WORK REQUEST -
Each record below is to be output with no change at all.

[Stored entries]
- - - - -
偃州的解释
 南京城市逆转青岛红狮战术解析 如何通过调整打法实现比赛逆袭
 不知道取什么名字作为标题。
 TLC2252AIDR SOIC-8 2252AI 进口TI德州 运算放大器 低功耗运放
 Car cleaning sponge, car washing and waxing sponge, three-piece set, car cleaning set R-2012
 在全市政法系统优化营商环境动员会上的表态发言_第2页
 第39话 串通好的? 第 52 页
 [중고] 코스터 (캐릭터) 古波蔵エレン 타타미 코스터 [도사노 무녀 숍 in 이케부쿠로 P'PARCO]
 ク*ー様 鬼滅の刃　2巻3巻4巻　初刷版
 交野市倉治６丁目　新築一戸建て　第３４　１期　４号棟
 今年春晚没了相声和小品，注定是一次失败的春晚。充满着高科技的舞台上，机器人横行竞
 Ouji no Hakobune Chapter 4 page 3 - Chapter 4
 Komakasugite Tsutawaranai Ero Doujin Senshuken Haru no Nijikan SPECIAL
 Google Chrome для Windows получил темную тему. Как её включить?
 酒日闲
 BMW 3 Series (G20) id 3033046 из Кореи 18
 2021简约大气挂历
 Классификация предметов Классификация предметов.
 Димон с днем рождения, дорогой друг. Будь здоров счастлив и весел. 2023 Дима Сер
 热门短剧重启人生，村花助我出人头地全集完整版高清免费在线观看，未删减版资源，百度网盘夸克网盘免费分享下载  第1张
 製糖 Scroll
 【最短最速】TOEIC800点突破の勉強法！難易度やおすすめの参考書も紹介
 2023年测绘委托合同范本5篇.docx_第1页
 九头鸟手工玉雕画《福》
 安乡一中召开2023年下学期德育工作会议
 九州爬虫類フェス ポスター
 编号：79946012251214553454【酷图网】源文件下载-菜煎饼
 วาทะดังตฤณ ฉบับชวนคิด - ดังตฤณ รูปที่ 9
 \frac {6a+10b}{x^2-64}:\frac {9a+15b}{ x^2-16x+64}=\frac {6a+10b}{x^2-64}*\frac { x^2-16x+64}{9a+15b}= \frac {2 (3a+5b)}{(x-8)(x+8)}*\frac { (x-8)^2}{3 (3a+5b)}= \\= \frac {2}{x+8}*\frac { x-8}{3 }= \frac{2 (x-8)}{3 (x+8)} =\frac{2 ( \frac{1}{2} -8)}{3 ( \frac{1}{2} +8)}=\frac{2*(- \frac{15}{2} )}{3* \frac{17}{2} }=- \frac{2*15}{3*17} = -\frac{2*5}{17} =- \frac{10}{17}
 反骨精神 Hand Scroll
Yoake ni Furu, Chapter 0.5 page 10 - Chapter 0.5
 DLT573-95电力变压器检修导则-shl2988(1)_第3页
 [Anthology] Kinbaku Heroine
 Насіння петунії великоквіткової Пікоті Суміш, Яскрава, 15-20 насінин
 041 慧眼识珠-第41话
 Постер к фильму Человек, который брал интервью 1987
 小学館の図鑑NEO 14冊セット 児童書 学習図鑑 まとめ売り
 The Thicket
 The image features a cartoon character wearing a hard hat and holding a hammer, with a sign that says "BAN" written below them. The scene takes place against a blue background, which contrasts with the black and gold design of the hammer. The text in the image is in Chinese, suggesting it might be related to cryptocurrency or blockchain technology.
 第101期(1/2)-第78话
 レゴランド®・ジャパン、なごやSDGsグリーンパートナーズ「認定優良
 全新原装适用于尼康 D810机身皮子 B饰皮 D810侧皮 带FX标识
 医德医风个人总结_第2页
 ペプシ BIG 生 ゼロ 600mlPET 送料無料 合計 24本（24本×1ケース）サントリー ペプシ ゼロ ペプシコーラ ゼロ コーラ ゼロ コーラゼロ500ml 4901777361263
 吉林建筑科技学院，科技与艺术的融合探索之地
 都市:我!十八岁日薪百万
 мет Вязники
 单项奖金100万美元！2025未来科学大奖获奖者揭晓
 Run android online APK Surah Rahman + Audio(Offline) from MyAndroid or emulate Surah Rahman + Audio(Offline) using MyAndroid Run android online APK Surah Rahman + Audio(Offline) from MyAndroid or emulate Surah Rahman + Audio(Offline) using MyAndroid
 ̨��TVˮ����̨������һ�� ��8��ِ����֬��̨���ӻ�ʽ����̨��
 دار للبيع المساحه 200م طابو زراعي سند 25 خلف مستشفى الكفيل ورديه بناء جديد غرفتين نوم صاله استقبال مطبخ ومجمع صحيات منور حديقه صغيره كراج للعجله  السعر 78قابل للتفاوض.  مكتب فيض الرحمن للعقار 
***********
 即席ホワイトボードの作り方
- - - - -
RESPONSE TO THIS EXERCISE -
偃州的解释
 南京城市逆转青岛红狮战术解析 如何通过调整打法实现比赛逆袭
 不知道取什么名字作为标题。
 TLC2252AIDR SOIC-8 2252AI 进口TI德州 运算放大器 低功耗运放
 Car cleaning sponge, car washing and waxing sponge, three-piece set, car cleaning set R-2012
 在全市政法系统优化营商环境动员会上的表态发言_第2页
 第39话 串通好的? 第 52 页
 [중고] 코스터 (캐릭터) 古波蔵エレン 타타미 코스터 [도사노 무녀 숍 in 이케부쿠로 P'PARCO]
 ク*ー様 鬼滅の刃　2巻3巻4巻　初刷版
 交野市倉治６丁目　新築一戸建て　第３４　１期　４号棟
 今年春晚没了相声和小品，注定是一次失败的春晚。充满着高科技的舞台上，机器人横行竞
 Ouji no Hakobune Chapter 4 page 3 - Chapter 4
 Komakasugite Tsutawaranai Ero Doujin Senshuken Haru no Nijikan SPECIAL
 Google Chrome для Windows получил темную тему. Как её включить?
 酒日闲
 BMW 3 Series (G20) id 3033046 из Кореи 18
 2021简约大气挂历
 Классификация предметов Классификация предметов.
 Димон с днем рождения, дорогой друг. Будь здоров счастлив и весел. 2023 Дима Сер
 热门短剧重启人生，村花助我出人头地全集完整版高清免费在线观看，未删减版资源，百度网盘夸克网盘免费分享下载  第1张
 製糖 Scroll
 【最短最速】TOEIC800点突破の勉強法！難易度やおすすめの参考書も紹介
 2023年测绘委托合同范本5篇.docx_第1页
 九头鸟手工玉雕画《福》
 安乡一中召开2023年下学期德育工作会议
 九州爬虫類フェス ポスター
 编号：79946012251214553454【酷图网】源文件下载-菜煎饼
 วาทะดังตฤณ ฉบับชวนคิด - ดังตฤณ รูปที่ 9
 \frac {6a+10b}{x^2-64}:\frac {9a+15b}{ x^2-16x+64}=\frac {6a+10b}{x^2-64}*\frac { x^2-16x+64}{9a+15b}= \frac {2 (3a+5b)}{(x-8)(x+8)}*\frac { (x-8)^2}{3 (3a+5b)}= \\= \frac {2}{x+8}*\frac { x-8}{3 }= \frac{2 (x-8)}{3 (x+8)} =\frac{2 ( \frac{1}{2} -8)}{3 ( \frac{1}{2} +8)}=\frac{2*(- \frac{15}{2} )}{3* \frac{17}{2} }=- \frac{2*15}{3*17} = -\frac{2*5}{17} =- \frac{10}{17}
 反骨精神 Hand Scroll
Yoake ni Furu, Chapter 0.5 page 10 - Chapter 0.5
 DLT573-95电力变压器检修导则-shl2988(1)_第3页
 [Anthology] Kinbaku Heroine
 Насіння петунії великоквіткової Пікоті Суміш, Яскрава, 15-20 насінин
 041 慧眼识珠-第41话
 Постер к фильму Человек, который брал интервью 1987
 小学館の図鑑NEO 14冊セット 児童書 学習図鑑 まとめ売り
 The Thicket
 The image features a cartoon character wearing a hard hat and holding a hammer, with a sign that says "BAN" written below them. The scene takes place against a blue background, which contrasts with the black and gold design of the hammer. The text in the image is in Chinese, suggesting it might be related to cryptocurrency or blockchain technology.
 第101期(1/2)-第78话
 レゴランド®・ジャパン、なごやSDGsグリーンパートナーズ「認定優良
 全新原装适用于尼康 D810机身皮子 B饰皮 D810侧皮 带FX标识
 医德医风个人总结_第2页
 ペプシ BIG 生 ゼロ 600mlPET 送料無料 合計 24本（24本×1ケース）サントリー ペプシ ゼロ ペプシコーラ ゼロ コーラ ゼロ コーラゼロ500ml 4901777361263
 吉林建筑科技学院，科技与艺术的融合探索之地
 都市:我!十八岁日薪百万
 мет Вязники
 单项奖金100万美元！2025未来科学大奖获奖者揭晓
 Run android online APK Surah Rahman + Audio(Offline) from MyAndroid or emulate Surah Rahman + Audio(Offline) using MyAndroid Run android online APK Surah Rahman + Audio(Offline) from MyAndroid or emulate Surah Rahman + Audio(Offline) using MyAndroid
 ̨��TVˮ����̨������һ�� ��8��ِ����֬��̨���ӻ�ʽ����̨��
 دار للبيع المساحه 200م طابو زراعي سند 25 خلف مستشفى الكفيل ورديه بناء جديد غرفتين نوم صاله استقبال مطبخ ومجمع صحيات منور حديقه صغيره كراج للعجله  السعر 78قابل للتفاوض.  مكتب فيض الرحمن للعقار 
***********
 即席ホワイトボードの作り方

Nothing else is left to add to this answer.